In 2005, Hulvat launched a career in teaching by sharing his love of photography with 100 fifth grade students through unseenamerica, a nationwide program that provides a mode of expression for individuals often “unseen” by commercial media.
“Since that time I have gone on to develop classes for beginning photographers through advanced shooters,” Hulvat says. “Teaching allows me to share my love for the medium with those hungry to find their voice through photography.”
Today Hulvat teaches photography to disadvantaged youth through the Photo Documentary Project. This innovative jobs-training program, based at the Banana Factory in Bethlehem, Pennsylvania, represents a unique partnership of ArtsQuest, CareerLink and the The Lehigh Valley Workforce Investment Board, Inc.
“I have also taught photography to three- to five-year-olds with Pasela: Art as a Way of Learning,” Hulvat says. “I also learned an incredible amount about teaching by inspiring middle-schoolers with the B-Smart after-school program. Additionally, I spent three years developing and implementing educational programs at a leading Pennsylvania camera store.”
Creating and teaching such programs as Zen and the Art of Photography, Digital Journaling, Kids Summer Camp, and Principles of Design and Composition for Photographers has provided Hulvat with a visual “voice” that inspires students of every age.
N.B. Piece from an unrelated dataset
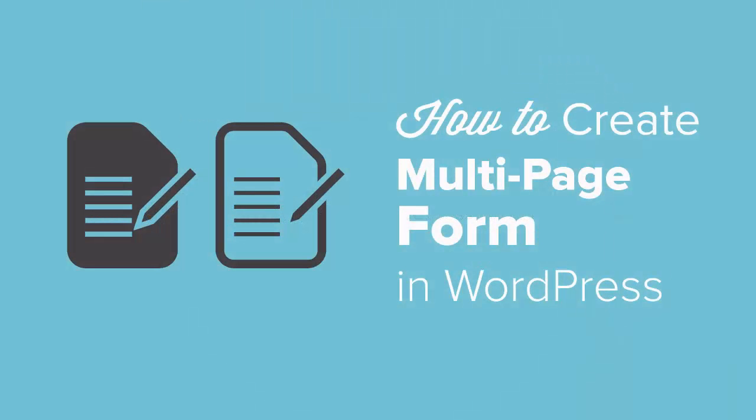In this video I'll walk you through how to create a multi-page or multi-part form in WordPress. This is a great feature to have if you have a long quote form that you're asking several questions on. You want to use something like this because it tends to reduce user abandonment.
Photography is a deceptively simple medium, especially in a digital age when competent pictures are a snap. “But to take a photograph that is exceptional and deep—and to be able to do that on a consistent basis—often takes a lifetime of experience,” Hulvat says. “That’s awesome because photography is more than mastery over a physical and technological medium. Great photography draws upon who we are and the life views that we hold. It is a mirror to what we love and fear, and provides opportunities to explore subjects one might be too timid to explore without the excuse of a camera.”
In summary, Hulvat notes, “Photographers are voyeurs.